Foot and ankle emergencies happen every day. Broken bones, dislocations, sprains, contusions, infections and other serious injuries can occur at any time. Early attention is vitally important. Whenever you sustain a foot or ankle injury, you should seek immediate treatment from a podiatrist. 

Common myths

"It can't be broken, because I can move it." False 
This widespread idea has kept many fractures from receiving proper treatment. The trust is that often you can walk with certain kinds of fractures. Some common examples: breaks of the thinner of the two leg bones; small ‘chip' fracture of either foot or ankle bones; and the frequently neglected fracture of a toe.

"If you break a toe, immediate care isn't necessary." False 
A toe fracture needs prompt attention. If X-rays reveal it to be a simple displaced fracture, care by your podiatrist usually can produce rapid relief. However, X-rays might identify a displaced or angulated break.
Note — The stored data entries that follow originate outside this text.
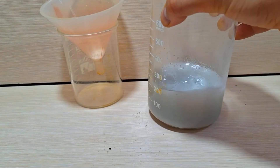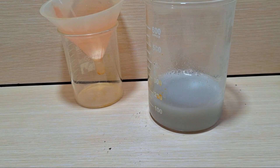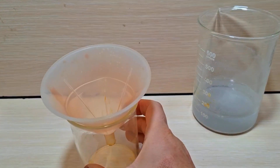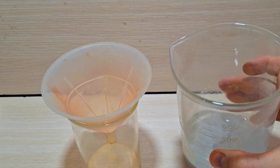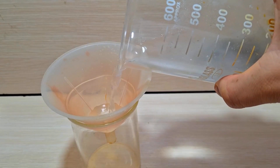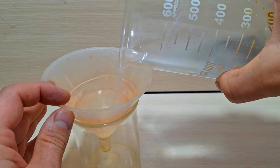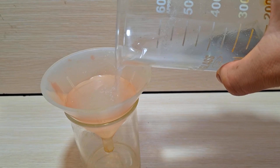If you intend to extract and store lithium as lithium carbonate, after filtering the lithium hydroxide solution, dissolve a small amount of sodium carbonate in hot distilled water and filter it. Then add it to the lithium hydroxide solution. After a few days, white lithium carbonate particles will precipitate in the beaker and will be ready for battery production.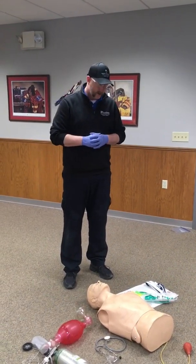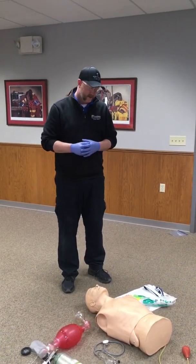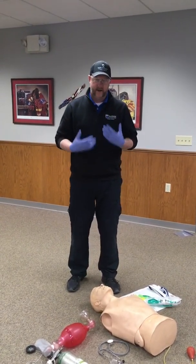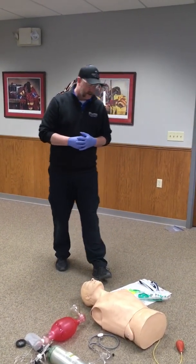It'll be some scenario where you have a male patient who is apneic but has a pulse. There may be some additional scenario around it, but what we're concerned about is that they're not breathing but they still have a pulse, and the scene is safe for you to go in.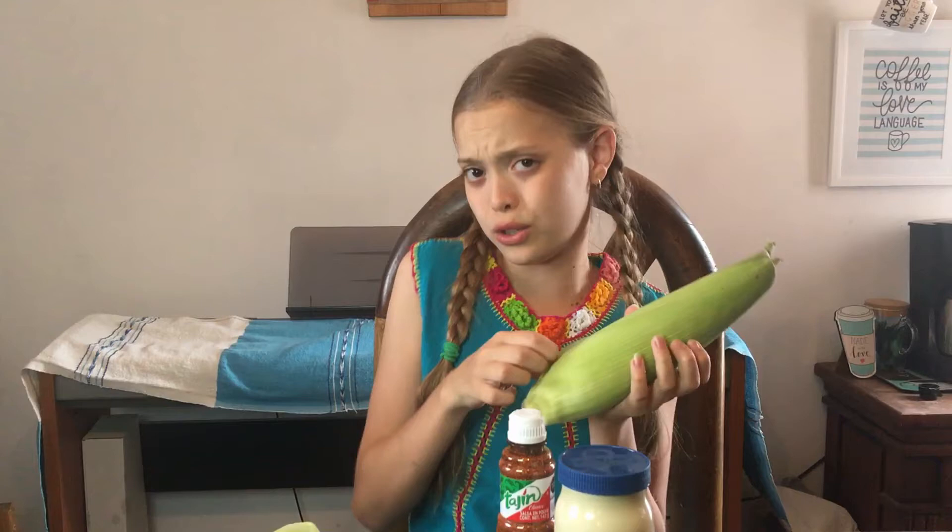You can either boil or grill your corn — whatever style you want — and then I'll show you how to put it together. While we're waiting for the corn to cook, here's a little video of my dad and I getting some from a stand. Literally, people will line up for like a block to get some of this corn — that's how good it is. Alright, now it's time to assemble it.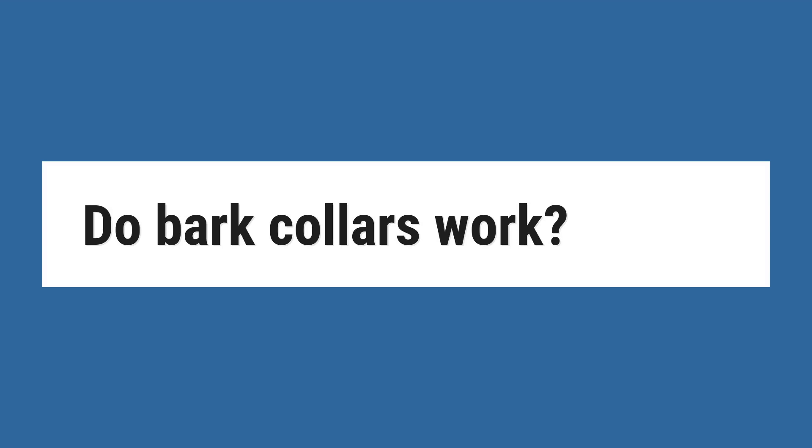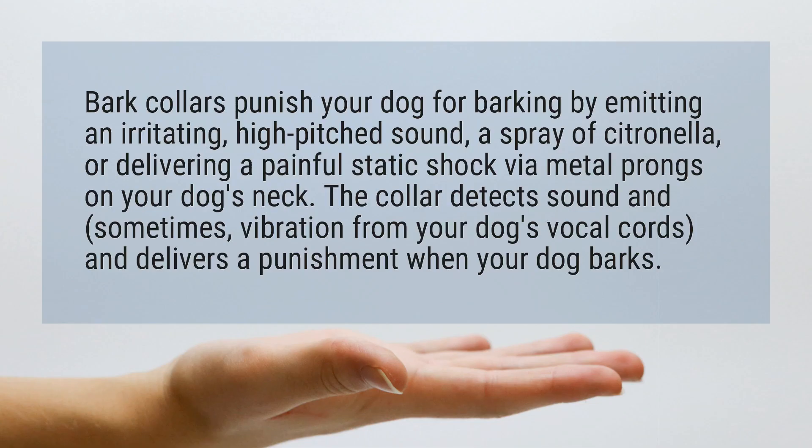Do bark collars work? Bark collars punish your dog for barking by emitting an irritating, high-pitched sound, a spray of citronella, or delivering a painful static shock via metal prongs on your dog's neck.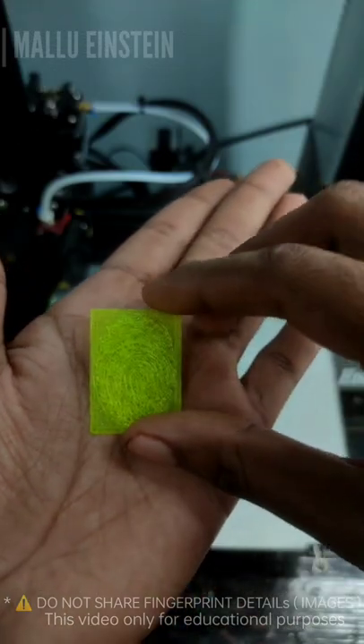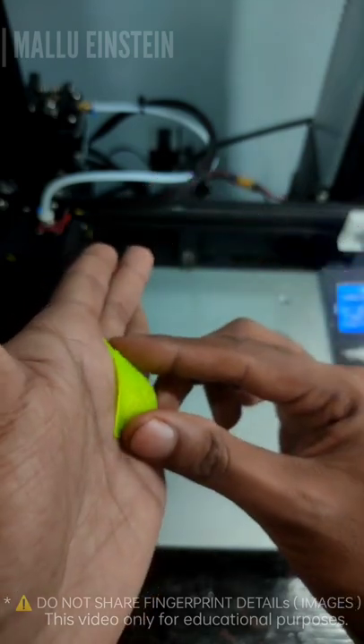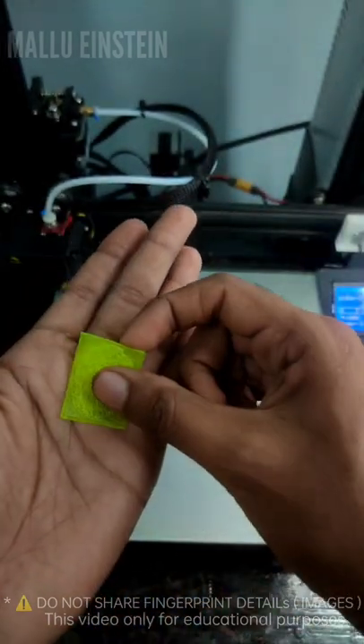This is a 3D printer. I'm going to show you how to use this.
In such cases, prompt realignment of the fracture by your podiatric physician will help prevent improper or incomplete healing. Many patients develop post-fracture deformity of a toe, which in turn results in formation of a painfully deformed toe with a most painful corn. A good general rule is: Seek prompt treatment for injury to foot bones.

"If you have a foot or ankle injury, soak it in hot water immediately." False 
Do not use heat or hot water if you suspect a fracture, sprain, or dislocation. Heat promotes blood flow, causing greater swelling. More swelling means greater pressure on the nerves, which causes more pain. An ice bag wrapped in a towel has a contracting effect on blood vessels, produces a numbing effect, and prevents swelling and pain. After seeing a podiatrist, warm compresses and soaks may be used.

"Applying an elastic bandage to a severely sprained ankle is adequate treatment." False 
Ankle sprains often mean torn or severely overstretched ligaments, and they should receive immediate care. X-ray examination, immobilisation by casting or splinting, and physiotherapy to insure a normal recovery all may be indicated. Surgery may even be necessary.

"The terms ‘fracture,' ‘break,' and ‘crack' are all different." False 
All of these words can be used to describe a broken bone.